The good news is that it is easy to eradicate cavity bacteria and give the next generation of your family the tools to end any “history” of bad teeth or gums.
Hunt for the Answer
A study in Belize in the early 1970s was a beautiful illustration of how cavity disease spreads from parents to children, and how xylitol can protect families from passing bad teeth to children. In this study, pregnant mothers (with very bad teeth) were given small pieces of xylitol gum to chew, several times a day. The mothers chewed the gum during their last trimester of pregnancy and through the first year of their baby’s life.
In this study none of the children had xylitol. It was only mothers who chewed xylitol gum, and only for the first year of their child’s life. The researchers took away the xylitol after this time, and only returned to check on the children as they grew. The results were amazing!
The children born to the mothers who “cleaned” their mouths with xylitol, had 80% less cavities than the children of the mothers who did not have xylitol. These results were documented year by year until the children were 6 years of age. Even as adults, these children had better teeth than the rest of the population.

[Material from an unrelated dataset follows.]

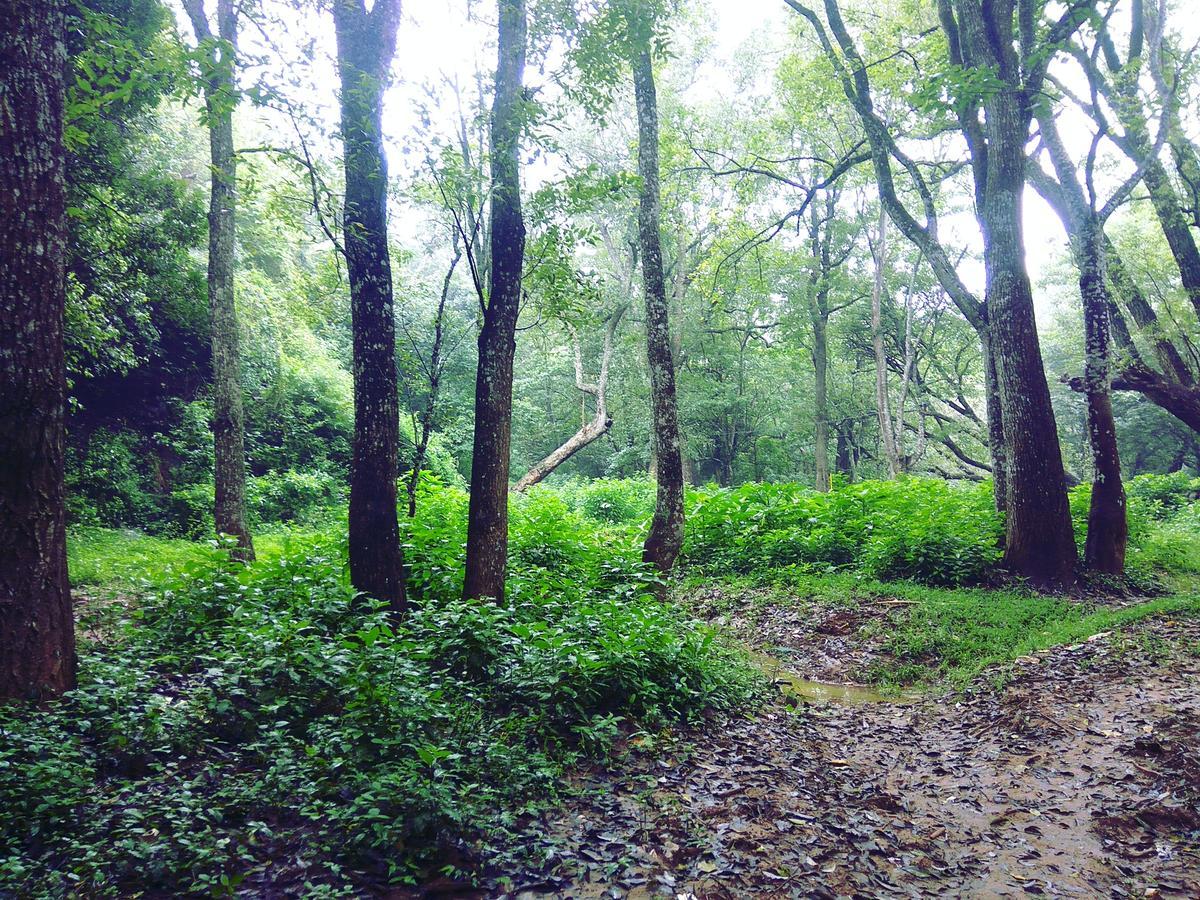 Secret Valley Jungle Ooty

Cavities are caused by a germ that can be passed from person to person. These germs are shared by family members, and most often travel in saliva droplets during a kiss or when people eat together. Xylitol can clean away these harmful germs in about 6 months, even when cavities are not filled. If a parent takes steps by using xylitol, their baby should be able to enjoy 80% less decay – even at 6 years of age. If the child is exposed to xylitol also, the risk is 95% less.
As baby teeth erupt, bacteria attach and grow on teeth. The first bacteria to reach new teeth come from saliva droplets passed from the parents’ mouth to the baby. This means that if a mother has cavity-forming bacteria, she will share them with her baby. As a baby grows more teeth, these bacteria spread and cover all the teeth. Children with cavities at age 4 years are 85% more likely to have decay in their adult teeth. Xylitol can protect young children from cavities and control dental disease to help families overcome any hereditary “history” of bad teeth.